What to produce: Find the line with "Grijze T-shirt en" in the entries below. Repeat it, every following line, and the line with "26 Thorndike St, Unit", exactly and with nothing added.

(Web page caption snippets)
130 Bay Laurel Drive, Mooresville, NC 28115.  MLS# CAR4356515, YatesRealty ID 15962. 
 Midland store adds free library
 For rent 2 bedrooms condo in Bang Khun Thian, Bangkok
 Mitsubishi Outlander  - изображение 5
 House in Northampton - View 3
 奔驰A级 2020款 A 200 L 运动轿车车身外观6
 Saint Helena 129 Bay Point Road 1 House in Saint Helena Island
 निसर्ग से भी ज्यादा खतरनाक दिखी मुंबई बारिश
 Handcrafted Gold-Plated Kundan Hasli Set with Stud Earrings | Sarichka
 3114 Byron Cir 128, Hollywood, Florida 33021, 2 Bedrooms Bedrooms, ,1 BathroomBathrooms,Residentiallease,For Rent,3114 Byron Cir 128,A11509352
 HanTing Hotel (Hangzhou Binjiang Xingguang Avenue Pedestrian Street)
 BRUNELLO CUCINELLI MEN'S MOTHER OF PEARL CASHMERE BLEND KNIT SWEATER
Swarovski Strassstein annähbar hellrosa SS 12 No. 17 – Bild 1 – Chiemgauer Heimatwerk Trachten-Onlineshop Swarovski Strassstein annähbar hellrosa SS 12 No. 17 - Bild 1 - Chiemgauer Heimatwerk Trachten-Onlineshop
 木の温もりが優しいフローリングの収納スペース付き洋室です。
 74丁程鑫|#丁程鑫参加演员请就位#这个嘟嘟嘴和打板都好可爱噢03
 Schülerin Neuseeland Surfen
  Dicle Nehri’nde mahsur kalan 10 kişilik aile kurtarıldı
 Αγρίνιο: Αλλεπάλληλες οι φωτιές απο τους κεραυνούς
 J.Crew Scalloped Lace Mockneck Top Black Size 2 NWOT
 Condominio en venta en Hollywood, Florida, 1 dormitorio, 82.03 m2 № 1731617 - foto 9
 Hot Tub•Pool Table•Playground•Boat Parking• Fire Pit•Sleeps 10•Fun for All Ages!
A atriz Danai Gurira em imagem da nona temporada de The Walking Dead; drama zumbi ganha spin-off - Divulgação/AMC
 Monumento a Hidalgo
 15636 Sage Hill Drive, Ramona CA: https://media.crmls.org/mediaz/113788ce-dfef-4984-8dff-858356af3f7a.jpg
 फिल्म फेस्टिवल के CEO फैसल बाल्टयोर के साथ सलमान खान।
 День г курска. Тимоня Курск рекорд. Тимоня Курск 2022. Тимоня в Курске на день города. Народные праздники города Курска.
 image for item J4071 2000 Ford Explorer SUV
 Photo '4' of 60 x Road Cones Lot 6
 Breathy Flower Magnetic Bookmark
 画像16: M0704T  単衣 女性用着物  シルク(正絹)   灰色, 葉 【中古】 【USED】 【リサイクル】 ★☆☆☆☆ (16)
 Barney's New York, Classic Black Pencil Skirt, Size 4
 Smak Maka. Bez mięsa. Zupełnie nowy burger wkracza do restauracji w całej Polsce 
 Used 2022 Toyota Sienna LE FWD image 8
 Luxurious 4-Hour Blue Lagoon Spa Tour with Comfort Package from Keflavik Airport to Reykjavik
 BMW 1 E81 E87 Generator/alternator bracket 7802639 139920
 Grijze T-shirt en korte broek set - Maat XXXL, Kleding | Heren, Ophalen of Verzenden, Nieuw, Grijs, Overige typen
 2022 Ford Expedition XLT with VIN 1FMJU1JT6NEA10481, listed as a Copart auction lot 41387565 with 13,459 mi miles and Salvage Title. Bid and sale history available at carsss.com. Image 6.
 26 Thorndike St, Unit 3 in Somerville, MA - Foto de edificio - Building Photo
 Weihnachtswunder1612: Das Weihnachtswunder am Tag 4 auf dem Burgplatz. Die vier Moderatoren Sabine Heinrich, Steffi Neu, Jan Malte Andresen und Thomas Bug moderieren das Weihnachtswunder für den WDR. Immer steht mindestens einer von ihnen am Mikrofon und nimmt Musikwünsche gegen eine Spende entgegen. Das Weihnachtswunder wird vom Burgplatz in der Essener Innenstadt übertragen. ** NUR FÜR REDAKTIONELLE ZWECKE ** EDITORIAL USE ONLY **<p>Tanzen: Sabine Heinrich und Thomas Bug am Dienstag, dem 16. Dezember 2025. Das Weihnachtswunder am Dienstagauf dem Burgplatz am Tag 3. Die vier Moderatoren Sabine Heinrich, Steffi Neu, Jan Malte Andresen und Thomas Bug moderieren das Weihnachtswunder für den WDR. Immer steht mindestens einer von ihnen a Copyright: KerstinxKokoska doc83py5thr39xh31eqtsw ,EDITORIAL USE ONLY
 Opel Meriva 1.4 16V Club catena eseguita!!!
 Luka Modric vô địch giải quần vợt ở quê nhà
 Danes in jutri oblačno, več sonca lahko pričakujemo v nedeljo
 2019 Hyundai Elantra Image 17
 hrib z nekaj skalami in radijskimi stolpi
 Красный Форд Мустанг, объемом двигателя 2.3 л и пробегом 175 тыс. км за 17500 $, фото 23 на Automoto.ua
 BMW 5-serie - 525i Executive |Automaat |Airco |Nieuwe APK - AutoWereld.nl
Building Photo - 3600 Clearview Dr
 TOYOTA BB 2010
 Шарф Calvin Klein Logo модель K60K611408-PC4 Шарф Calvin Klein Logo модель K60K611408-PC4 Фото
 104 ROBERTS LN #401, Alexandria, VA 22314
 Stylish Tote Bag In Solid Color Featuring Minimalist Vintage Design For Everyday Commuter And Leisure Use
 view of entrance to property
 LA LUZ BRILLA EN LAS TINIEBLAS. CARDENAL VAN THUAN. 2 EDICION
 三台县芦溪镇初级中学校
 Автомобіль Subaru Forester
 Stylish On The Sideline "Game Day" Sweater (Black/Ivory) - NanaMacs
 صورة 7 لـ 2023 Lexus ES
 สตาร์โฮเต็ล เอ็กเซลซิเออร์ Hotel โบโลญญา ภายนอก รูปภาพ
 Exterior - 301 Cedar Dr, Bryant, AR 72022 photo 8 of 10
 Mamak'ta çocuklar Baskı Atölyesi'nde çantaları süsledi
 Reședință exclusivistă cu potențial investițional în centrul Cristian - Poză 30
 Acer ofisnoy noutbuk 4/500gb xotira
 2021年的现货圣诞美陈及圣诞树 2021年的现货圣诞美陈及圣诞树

Written answer:
 Grijze T-shirt en korte broek set - Maat XXXL, Kleding | Heren, Ophalen of Verzenden, Nieuw, Grijs, Overige typen
 2022 Ford Expedition XLT with VIN 1FMJU1JT6NEA10481, listed as a Copart auction lot 41387565 with 13,459 mi miles and Salvage Title. Bid and sale history available at carsss.com. Image 6.
 26 Thorndike St, Unit 3 in Somerville, MA - Foto de edificio - Building Photo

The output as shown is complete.